If I said that any chapter was simply my transcription of notes taken down from Shackleton's dictation, I should be telling an untruth [Saunders explained later]. If I said that any chapter was entirely mine, I should be telling an untruth. My work was complementary to his. I could say that Shackleton had a remarkable gift of literary suggestion... and that when his interest was stirred at critical portions of his narrative, he had a command of vivid forceful English. Shackleton and I understood each other thoroughly.
As a result, The Heart of the Antarctic... bore none of the tell-tale stiltedness of most ghosted work.

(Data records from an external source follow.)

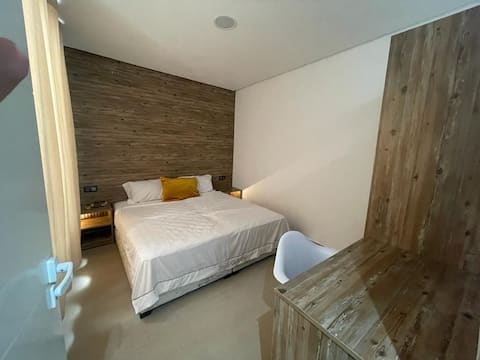 Apartment luxe centre ville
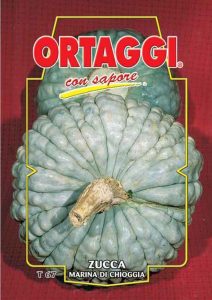 ZUCCA Marina di Chioggia
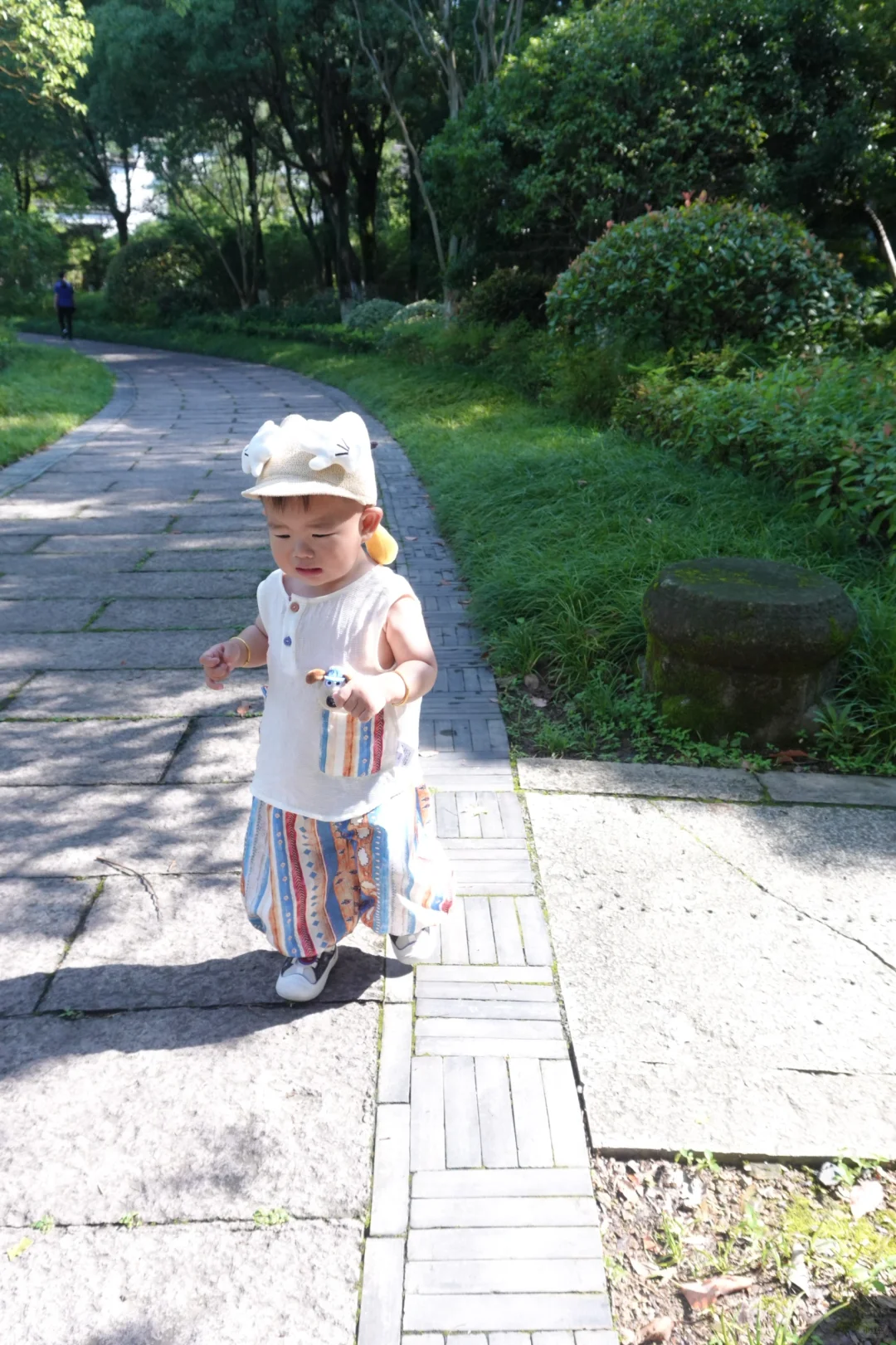 周五冲莫干山！三天两晚攻略，不踩雷💣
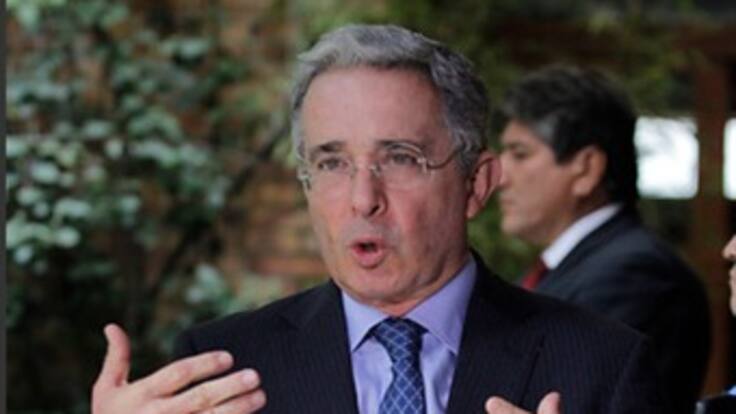 Archivan investigación a Uribe por filtración de coordenadas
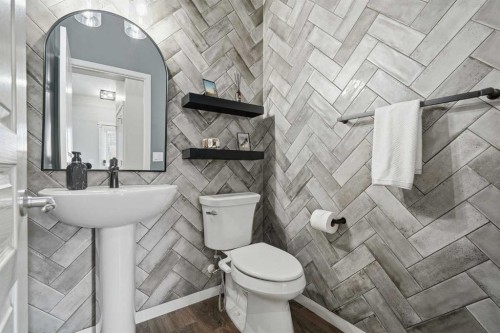 72 Masters Manor Se, Calgary, AB 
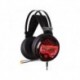 Słuchawki A4TECH BLOODY M630 Black USB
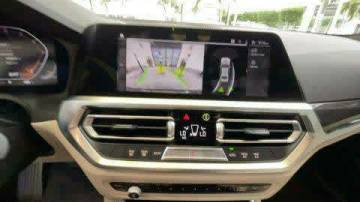 2021 bmw 3 series 330i
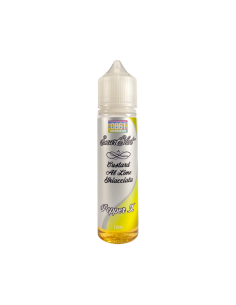 Pepper X Smartshot 0861 ToB Liquid Shot 10ml Vanilla Lime Ice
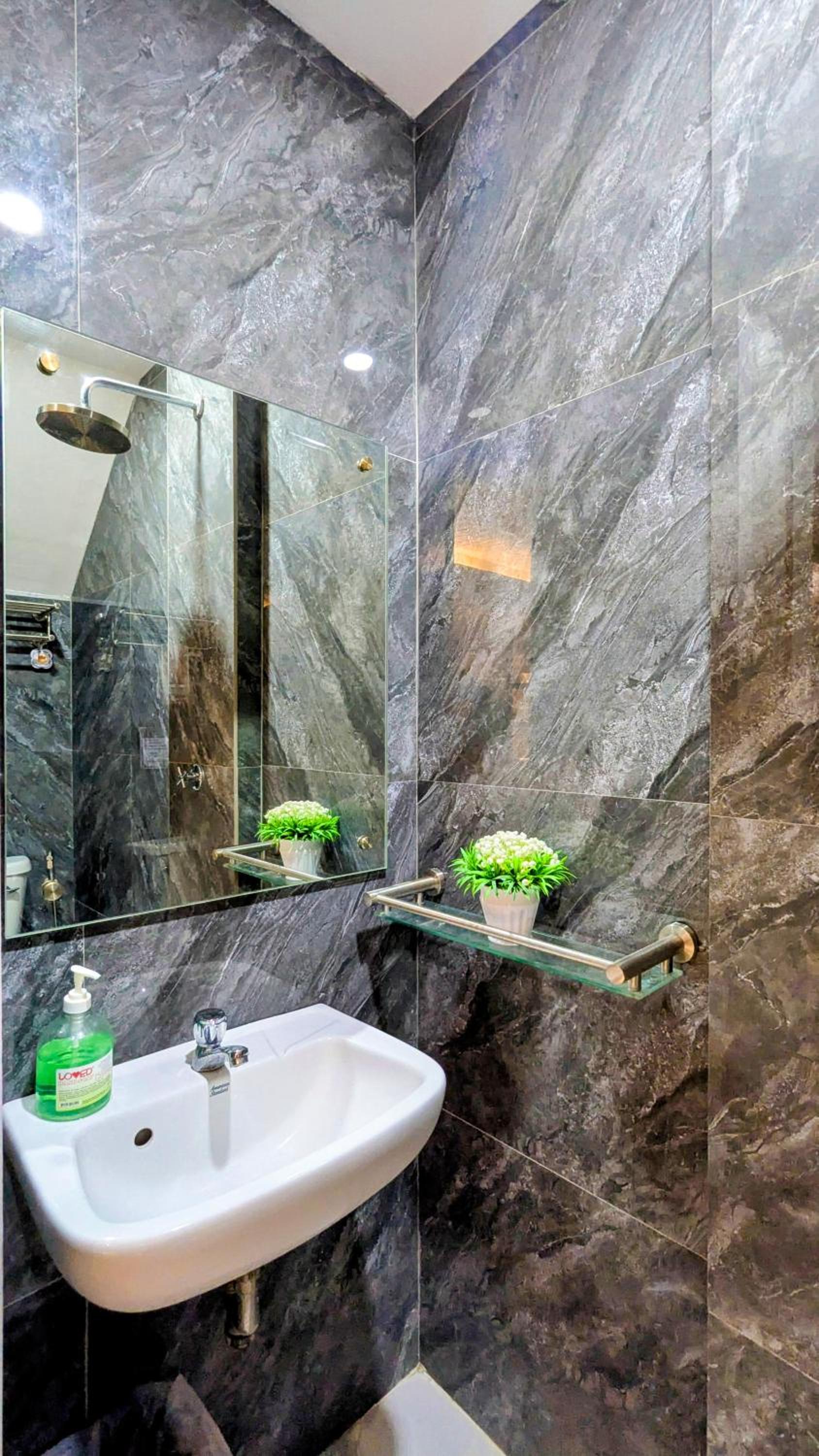 Cityloft Guesthouse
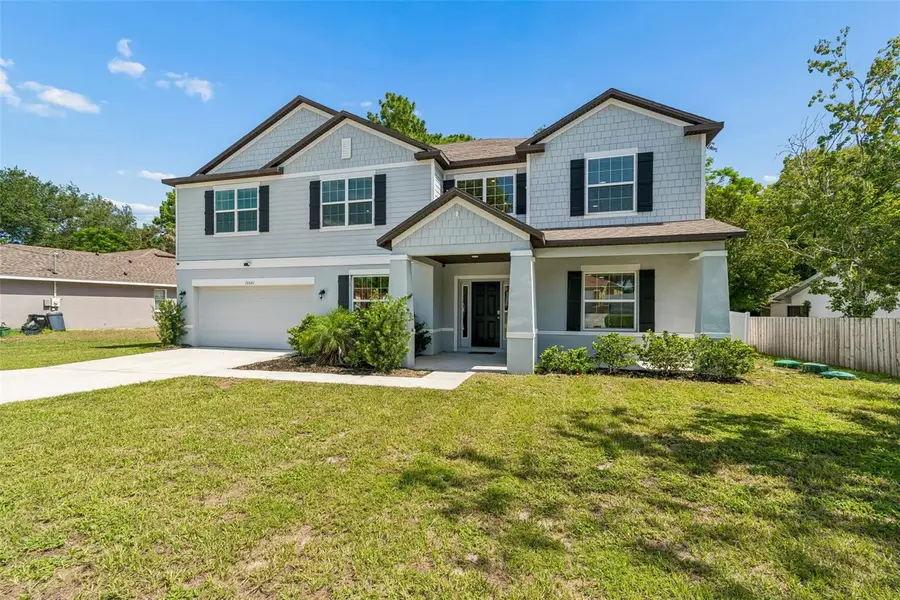10501 Red Coach Street, Spring Hill, FL 34608 - #2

The book appeared early in November, an unprecedentedly quick five months after putting pen to paper... Shackleton wanted Saunders' name on the title page, but Saunders refused. The book, as he afterwards said, "should stand without any attempt being made to explain just how [it was] produced"' (R. Huntford, Shackleton, London, 1996, pp.317-319).